Classification I: Logistic Regression

Predicting student admission

Suppose we have a csv file containing historical data set for 100 student admissions at a given university.

Let's load this data into a Pandas DataFrame, using the read_csv global function that returns a DataFrame from a csv file.

So we first import Pandas:


In [1]:
import pandas as pd

Then we load the data, and show the first entries using the head method:


In [2]:
student_data = pd.read_csv('data/log_reg1.csv', names=['exam1', 'exam2', 'admitted'])
student_data.head()


Out[2]:
exam1 exam2 admitted
0 34.623660 78.024693 0
1 30.286711 43.894998 0
2 35.847409 72.902198 0
3 60.182599 86.308552 1
4 79.032736 75.344376 1

The first two columns hold the scores for each students at two exams, while the last column indicates whether that student was admitted at the university (admitted=1) or not (admitted=0).

Problem: As an university administrator, you may be interested in predicting the probability of future prospective student to be admitted at that university, given their scores on those two exams.

To see the kind the kind of relationship between the scores and university admission, we can draw a scatter plot of student scores, using a color scheme to indicate whether that a student, represented by a the coordinates of her two scores, was admitted (green) or not (red).

To do that we use the Python package matplotlib.
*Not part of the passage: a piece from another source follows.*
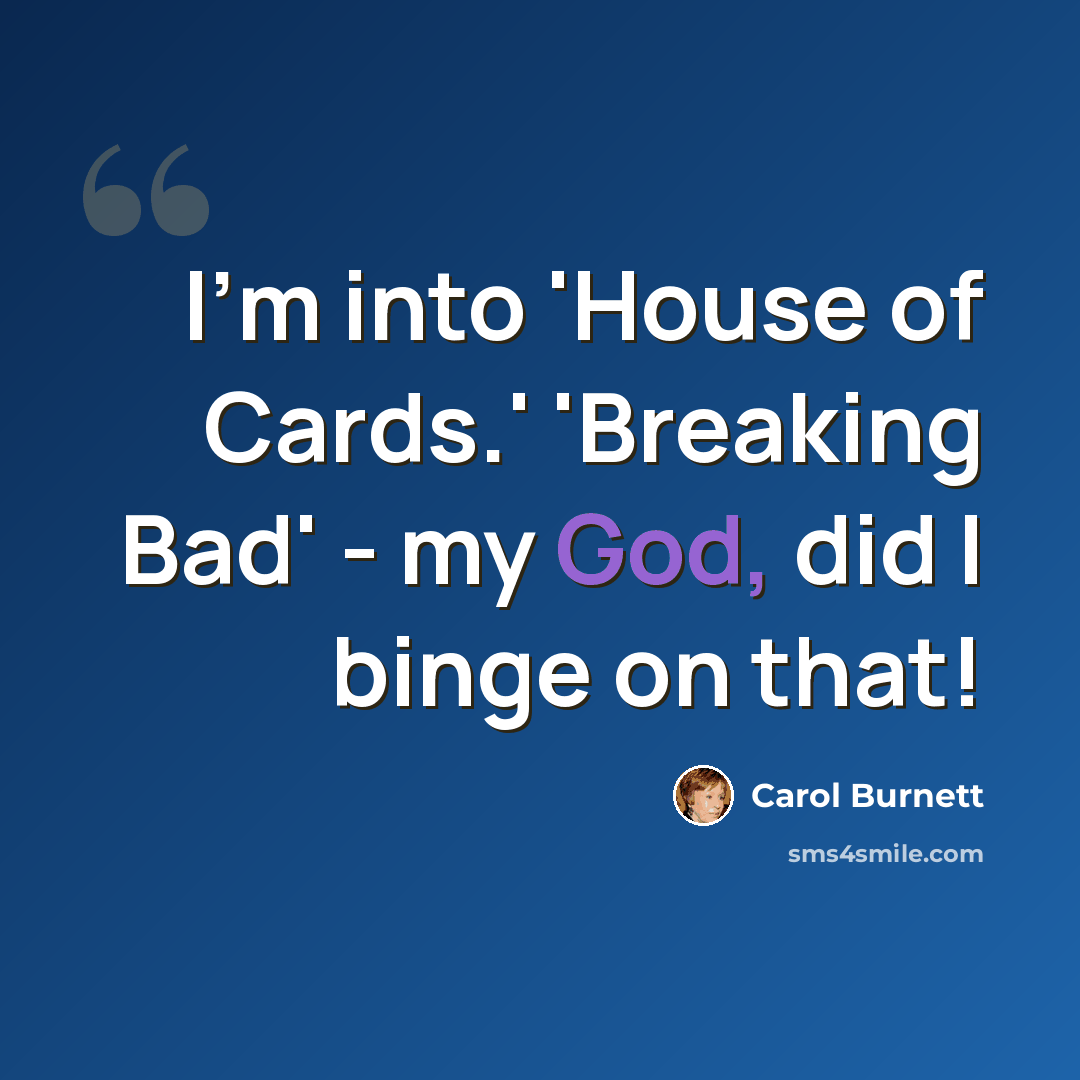 “I'm into 'House of Cards.' 'Breaking Bad' - my God, did I binge on that!” quote by Carol Burnett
To allow matplotlib plots to be embedded into the notebook, we should first invoke the following magic command:


In [3]:
%matplotlib inline

In [4]:
import matplotlib.pyplot as plt

Then, using the function subplots module, one creates a figure object representing a canva on which to draw, along with a AxesSubplot object, that represents a set of xy-axes. The AxesSubplot object has a method scatter for scatter plots, along with various other methods to add stuff to the drawing:


In [5]:
admitted = student_data[student_data.admitted == 1][[0,1]]
rejected = student_data[student_data.admitted == 0][[0,1]]

In [6]:
figure1, figure1_axes = plt.subplots()
figure1_axes.plot(admitted[[0]], admitted[[1]] , 'go', 
                  rejected[[0]], rejected[[1]], 'ro')
figure1_axes.set_xlim([20,110])
figure1_axes.set_ylim([20,110])
figure1_axes.set_xlabel('Score at Exam 1')
figure1_axes.set_ylabel('Score at Exam 2')
figure1_axes.legend(['admitted', 'rejected'])
figure1_axes.set_title('Admission Scatter Plot');


Conditional probability and sigmoid function

From that scatter plot above, we see that the admitted student seems to be separated from the rejected students by a line, the separation boundary, whose equation should thus be of the form:

$$\theta_0 + \theta_1x_1 + \theta_2 x_2= 0$$

where $x_1$ is the score at the first exam, $x_2$ is the score at the second exam, and the $\theta$'s are unknown parameters.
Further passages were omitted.